Knowing a week without my violin in the middle of spring semester was unacceptable, I hesitantly asked if I would be able to bring it. She responded that the doors locked and she was sure I could find a few minutes each day to touch my instrument if I felt inclined. Just like that, I found myself committed to a seven-day mission trip to the Big Easy. The violin would be in tow, but also accompanied by a suspicious fear that five-hour-practice-days had been diminished to five-minute-practice-moments.
Many times, as a musician committed to the power of practice and habit building, the promise of loosing myself for a day in the city, spending the afternoon in the park, or going on a weekend camping trip is paralleled by fear and guilt. I wonder how much time, if any, I will be able to spend touching my instrument and often doubt that a couple hours of practice will not trump gelato or a drive down Main Street. Most of the time, I turn out to be right.
Late night sleepovers, early cross country meets, and Downton Abbey marathons have all lead to unconvincing practice days. The days when a couple of three-octave scales and some review feels like a triumph.
As a violin player, the fear and guilt that surround these days might be warranted.
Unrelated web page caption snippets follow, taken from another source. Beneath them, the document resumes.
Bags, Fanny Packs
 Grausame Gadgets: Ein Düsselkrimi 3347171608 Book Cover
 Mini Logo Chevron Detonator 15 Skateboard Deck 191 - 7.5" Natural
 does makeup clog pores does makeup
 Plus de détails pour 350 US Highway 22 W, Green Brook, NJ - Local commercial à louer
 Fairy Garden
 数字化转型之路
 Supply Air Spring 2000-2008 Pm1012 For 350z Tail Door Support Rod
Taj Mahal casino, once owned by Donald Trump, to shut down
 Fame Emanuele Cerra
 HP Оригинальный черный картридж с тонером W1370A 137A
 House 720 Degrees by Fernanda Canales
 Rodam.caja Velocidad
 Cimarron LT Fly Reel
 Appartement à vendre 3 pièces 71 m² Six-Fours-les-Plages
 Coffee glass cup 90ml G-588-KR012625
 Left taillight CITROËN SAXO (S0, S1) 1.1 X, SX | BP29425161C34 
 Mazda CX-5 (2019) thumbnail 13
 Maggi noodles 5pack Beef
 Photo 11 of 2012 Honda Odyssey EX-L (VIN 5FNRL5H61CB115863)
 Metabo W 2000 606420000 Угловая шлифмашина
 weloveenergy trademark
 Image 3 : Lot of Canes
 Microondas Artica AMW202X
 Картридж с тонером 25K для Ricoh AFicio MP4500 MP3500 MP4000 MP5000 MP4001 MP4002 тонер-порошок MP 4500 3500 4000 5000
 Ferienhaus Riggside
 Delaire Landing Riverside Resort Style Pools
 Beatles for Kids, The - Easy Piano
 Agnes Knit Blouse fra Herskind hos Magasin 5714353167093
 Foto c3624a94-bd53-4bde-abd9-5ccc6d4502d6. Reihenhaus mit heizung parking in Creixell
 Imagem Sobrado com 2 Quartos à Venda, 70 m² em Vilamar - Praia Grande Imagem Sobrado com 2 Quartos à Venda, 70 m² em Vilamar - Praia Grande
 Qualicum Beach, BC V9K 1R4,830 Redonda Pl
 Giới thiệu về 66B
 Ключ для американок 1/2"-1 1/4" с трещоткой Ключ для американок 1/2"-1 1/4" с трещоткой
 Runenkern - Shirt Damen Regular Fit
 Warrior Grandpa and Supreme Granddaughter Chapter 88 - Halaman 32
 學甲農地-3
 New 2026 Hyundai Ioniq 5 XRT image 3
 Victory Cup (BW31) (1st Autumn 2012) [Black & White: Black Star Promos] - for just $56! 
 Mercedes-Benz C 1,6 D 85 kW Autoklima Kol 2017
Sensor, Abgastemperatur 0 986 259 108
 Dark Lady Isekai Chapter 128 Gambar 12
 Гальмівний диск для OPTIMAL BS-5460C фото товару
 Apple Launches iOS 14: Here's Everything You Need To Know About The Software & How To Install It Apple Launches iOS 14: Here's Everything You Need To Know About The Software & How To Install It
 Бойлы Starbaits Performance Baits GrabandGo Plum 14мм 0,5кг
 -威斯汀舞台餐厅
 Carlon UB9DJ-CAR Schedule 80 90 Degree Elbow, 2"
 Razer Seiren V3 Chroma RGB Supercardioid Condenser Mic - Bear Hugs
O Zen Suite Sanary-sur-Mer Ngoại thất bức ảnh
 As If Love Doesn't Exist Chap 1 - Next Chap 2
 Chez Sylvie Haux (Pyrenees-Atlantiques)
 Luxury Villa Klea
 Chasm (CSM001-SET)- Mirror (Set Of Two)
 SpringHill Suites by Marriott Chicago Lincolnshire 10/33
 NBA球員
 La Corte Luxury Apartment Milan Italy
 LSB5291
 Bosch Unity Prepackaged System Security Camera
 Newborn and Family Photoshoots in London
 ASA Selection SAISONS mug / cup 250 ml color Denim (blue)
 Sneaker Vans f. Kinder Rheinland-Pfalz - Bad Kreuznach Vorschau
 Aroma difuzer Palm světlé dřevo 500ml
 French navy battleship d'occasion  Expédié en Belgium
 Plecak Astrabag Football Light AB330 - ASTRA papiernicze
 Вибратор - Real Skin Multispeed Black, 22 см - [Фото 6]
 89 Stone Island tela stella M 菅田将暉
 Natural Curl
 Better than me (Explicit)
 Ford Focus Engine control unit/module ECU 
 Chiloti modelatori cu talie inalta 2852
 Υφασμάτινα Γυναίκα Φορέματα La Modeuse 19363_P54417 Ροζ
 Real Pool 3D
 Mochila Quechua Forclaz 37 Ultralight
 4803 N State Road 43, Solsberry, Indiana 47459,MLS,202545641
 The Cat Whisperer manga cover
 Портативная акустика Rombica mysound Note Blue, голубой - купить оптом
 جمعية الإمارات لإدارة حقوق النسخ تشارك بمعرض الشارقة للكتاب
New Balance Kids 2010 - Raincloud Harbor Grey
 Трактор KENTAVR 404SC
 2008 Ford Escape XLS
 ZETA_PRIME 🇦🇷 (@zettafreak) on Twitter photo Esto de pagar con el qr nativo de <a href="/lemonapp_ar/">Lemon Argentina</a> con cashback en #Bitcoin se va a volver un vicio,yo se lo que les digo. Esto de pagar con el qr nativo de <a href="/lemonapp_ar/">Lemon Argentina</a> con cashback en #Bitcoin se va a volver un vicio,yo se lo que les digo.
But as a musician, these opportunities must be cherished.
At a recent masterclass, Pamela Frank emphasized the necessity of life experience to animate music. She encouraged students to explore the environment outside of the practice room as much as possible. Use the exposure to all walks of life to breath life into composers’ music. Art, sport, creativity, travel, knowledge, stories, a sense of fearfulness and fearlessness, wonder, and understanding are all essential to musicianship.
So this spring break, guilt free, I immersed myself in the wonderful city of New Orleans.
I marveled the beautiful architecture, walked until my feet hurt, indulged in the soul food, listened to the many narratives, and took pictures when I could (but buried the iPhone when I couldn’t).
My violin was waiting under my bunk bed, but I took the opportunity to throw the frisbee at Audubon Park, enjoy Gelato at Sucre on Magazine Street, attend a service at St. Anna’s Episcopal Church, play spades with my closest friends, go to yoga at 6AM, and meet my uncle for a driving tour of the Garden District.
Even though my violin wasn’t in my hands, music surrounded us. At Annunciation Missions we sang at every morning prayer and evening compline. On the worksites we sang along to Summer Hits of the 2000’s. We listened to the collective road-trip-playlist for the 10 hours to NOLA (and the 10 hours back). On Tuesday, I had the opportunity to enjoy Frenchman Street, a local hotspot of traditional jazz clubs that scat and sway all night long. We spent our last night, Friday evening, dancing away to the Zydeco rhythm and blues at the Rock ‘N Roll Bowling Alley.
Most importantly, I was given the opportunity to serve the community as much as possible. We helped a neighborhood rebuild their playground. We helped a few NOLA citizens with intellectual disabilities plant a pomegranate tree at the Vintage Garden Farms. We painted the house of a man who had been diligently been working to rebuild (with many things working against him) since the storm. We spread mulch around 42 trees along the levees, and landscaped a garden for a 92 year old woman.
I had the most wonderful time. And although my fingers are a little out of shape, I don’t regret the decision I made.
Now it is time to go in the practice room to catch back up, but this time the whole city of New Orleans will be going into the practice room with me.